- [Work instructions]: In the data below, the copy begins at the line containing "Now we've done" and runs through the last line; repeat those lines exactly, minus the pictures.

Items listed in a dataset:
-- Opening Marker --

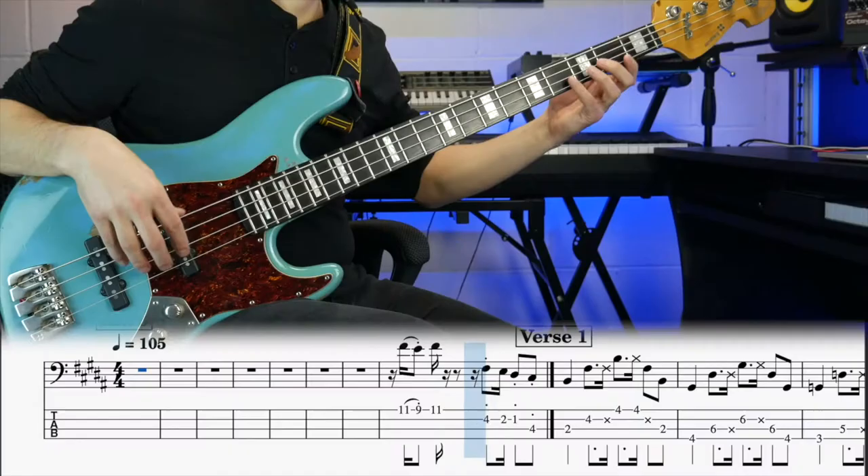I always like to start out with something simple. So in the verse, we see the bass line navigating its way through the chords using mostly roots, fifths and octaves.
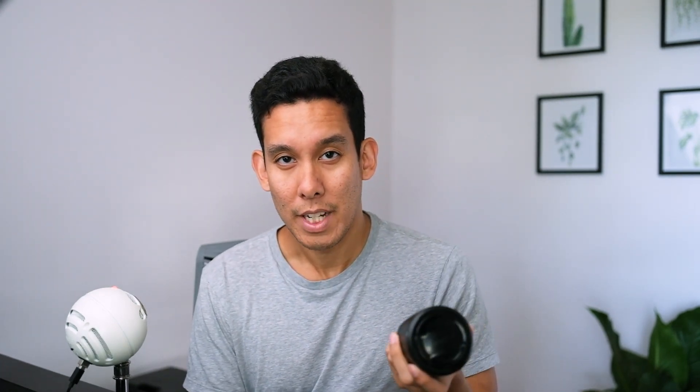Next we have the 23mm f1.4. This is a 35mm equivalent and another versatile focal length. I initially got the f2 version — a great lens, very small, compact, and weather resistant — but I needed a bit more depth of field. I needed a narrow depth of field; I'm obsessed with shallow depth of field. The shallower the better.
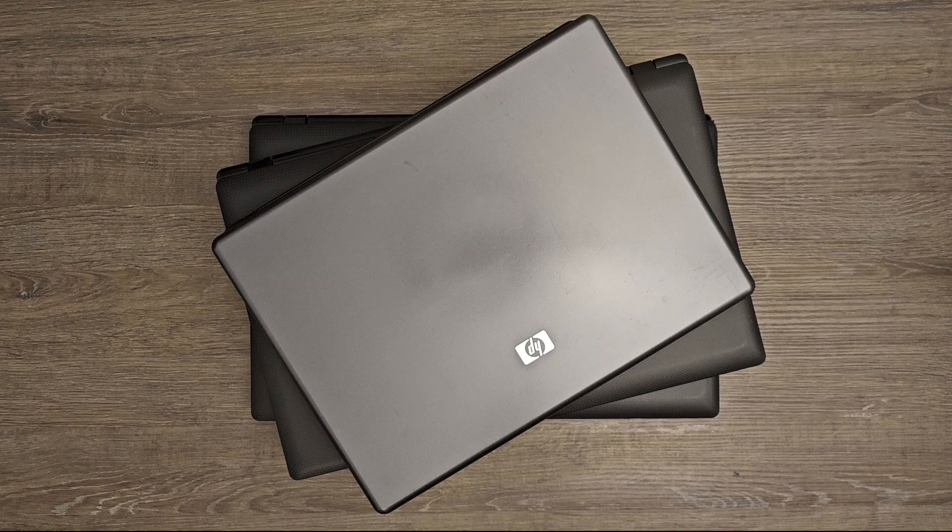Hello everybody and welcome to today's video. Today I will be demonstrating how to make an external CD or DVD player and recorder from an old laptop.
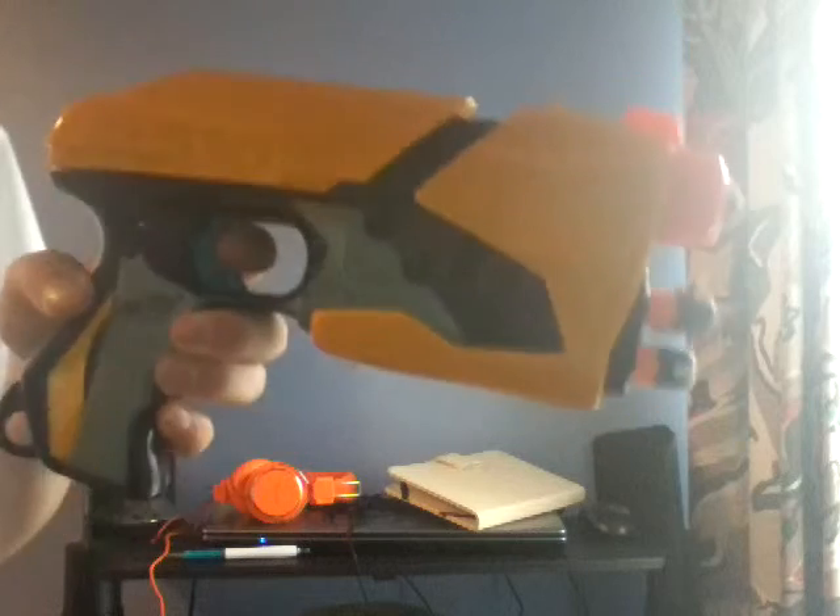Now we've done all that and we've moved on to the firing test. Let's prime the blaster and fire. Let's try that again.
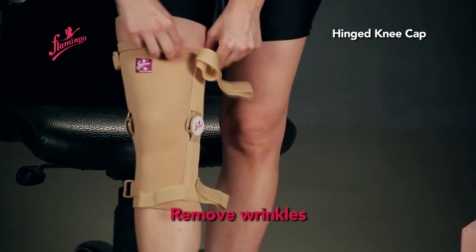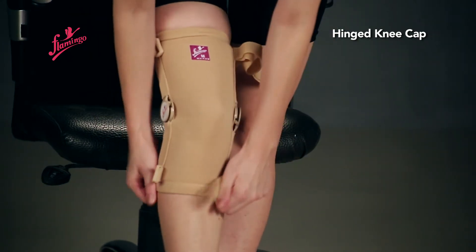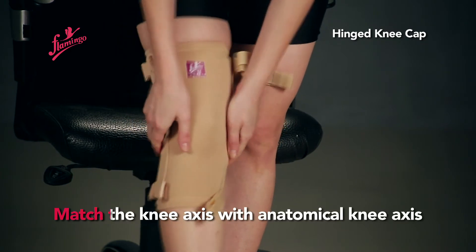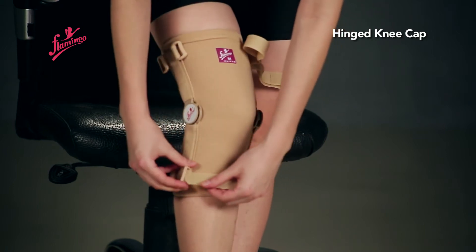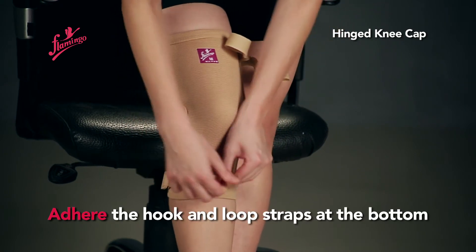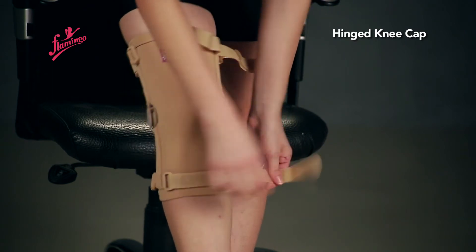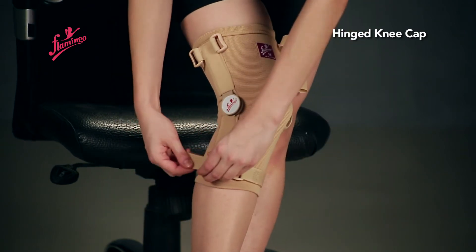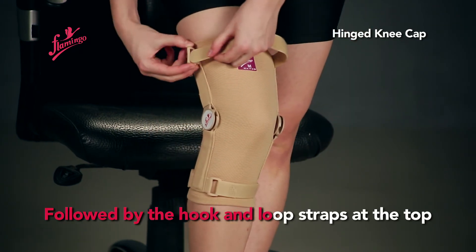Remove any wrinkles. Match the knee axis with the anatomical knee axis. Then adhere the hook and loop straps at the bottom, followed by the hook and loop straps at the top.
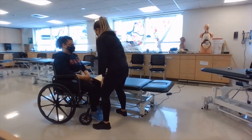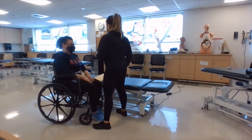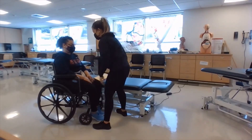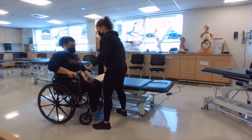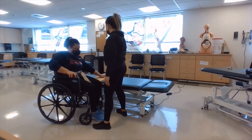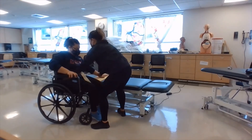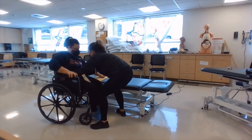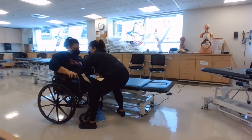The next thing you want to make sure of is having a wide base of support while you do this transfer. I'm going to break it down into two parts. The first part is having the patient rest her hand on the armrest and the other one on the flat side of the board, making sure that her fingers are not tucked under the board. Then I'm going to position my hands — either on a gait belt or right on her hips — with a nice wide base of support. I'm going to have her lean her head away from the bed while I guide her hips onto the board.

-- Closing Marker --

- [Answer for this exercise]:
Now we've done all that and we've moved on to the firing test. Let's prime the blaster and fire. Let's try that again.
Remove any wrinkles. Match the knee axis with the anatomical knee axis. Then adhere the hook and loop straps at the bottom, followed by the hook and loop straps at the top.
The next thing you want to make sure of is having a wide base of support while you do this transfer. I'm going to break it down into two parts. The first part is having the patient rest her hand on the armrest and the other one on the flat side of the board, making sure that her fingers are not tucked under the board. Then I'm going to position my hands — either on a gait belt or right on her hips — with a nice wide base of support. I'm going to have her lean her head away from the bed while I guide her hips onto the board.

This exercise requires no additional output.